Они перешли мостовую, заляпанную голубиной слякотью небес, и неспешно углубились в тишину Кленовой аллеи. Воробьев посвятил скульптора в некоторые тонкости предстоящего гражданского дела. По его мнению, дело было не таким простым, но и не таким сложным, чтобы он, специалист по моральным обидам, не справился. К тому же тот, кто пытался расправиться с заслуженным художником, отныне становился и кровным обидчиком Воробьева, а это значит, что супротивника ожидало неотвратимое и жестокое наказание. Вскочив на любимого юридического конька, Воробьев зажегся, заговорил вдохновенно, обнаруживая недюжинные познания в судебной казуистике, недоступной простому смертному. Живописуя последнюю торжественную сцену истины, он великолепно разыграл роль раскаявшегося клеветника, опустившего долу очи, красные от стыда, черные от слез. Он уже пророчил побивание общественными камнями, а затем позорное изгнание этого самого клеветника из академического рая. Но вдруг осекся, взглянув на обомлевшего скульптора, готового то ли грохнуться наземь, то ли подняться на голубиные небеса.

– Что случилось? – испугался Воробьев. – Вам плохо?

– Мусорщика жалко, – прошептал Горевой.

– Какого мусорщика?

– Мусорщика Чуркина жалко.

По летописной брусчатке поднялись они к узорчатым воротам Михайловского замка, за которыми виднелось изваяние императора Павла Первого, одиноко замерзающего на ледяном троне. Затуманились глаза Воробьева, когда он разглядывал прекрасное творение. По правде говоря, едва ли ему хотелось очутиться в такой же опрометчивой ситуации, когда трон под тобою уже шатается, и самодержавная корона вот-вот покатится, подпрыгивая на камнях, а ты все также горд и заносчив, и велеречив, и наивен в своей слепой уверенности. Нет, Воробьеву импонировали скорее победители, чем побежденные. Холеные баловни судьбы казались куда притягательнее отощавших неудачников злого рока. Но скульптура, передающая трагическую царственную обреченность, все-таки была гениальной.

«Надо признать, что монумент порфироносному простаку удался.
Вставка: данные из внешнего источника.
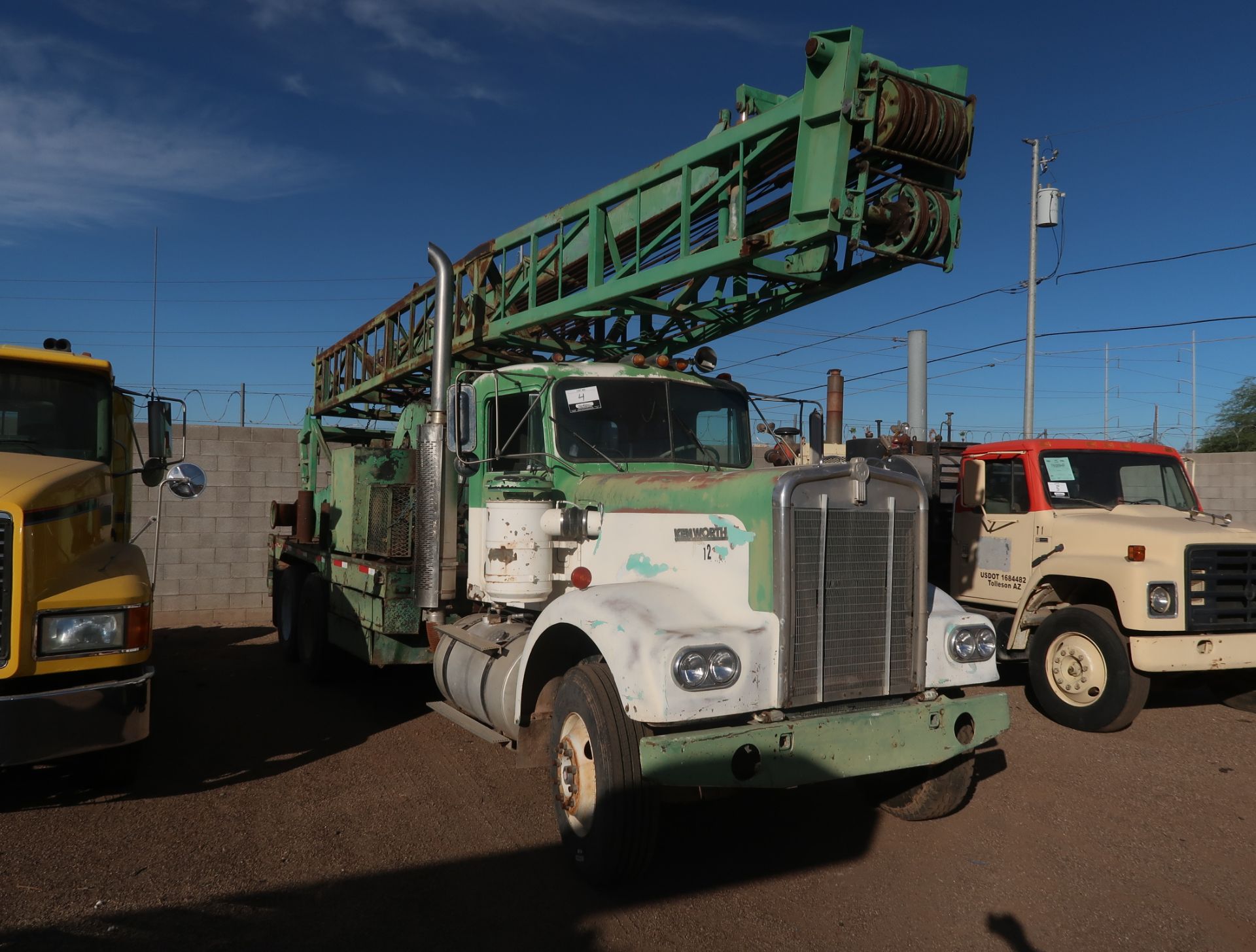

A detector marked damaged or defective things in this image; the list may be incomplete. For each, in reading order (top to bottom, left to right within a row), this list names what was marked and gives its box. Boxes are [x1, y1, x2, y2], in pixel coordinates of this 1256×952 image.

А какой-то будет памятник мне, действительному государственному советнику? – забеспокоился он. – Уж не забыл ли Горевой о достигнутых договоренностях?»

– Вот, я принес, как договаривались, – Воробьев застенчиво извлек из папки три фотографии: на одной был запечатлен его белый фас, на другой – черный профиль. Третья представляла собою цветной коллаж, где наш стряпчий гордо восседал на медном коне, прикрыв свою сухощавость могучим тевтонским щитом. Этот безыскусный сюжет он прихватил с собою в тайной надежде, что художник, быть может, проникнется идеей конной композиции и создаст нечто похожее на прославленный бурун Фальконе.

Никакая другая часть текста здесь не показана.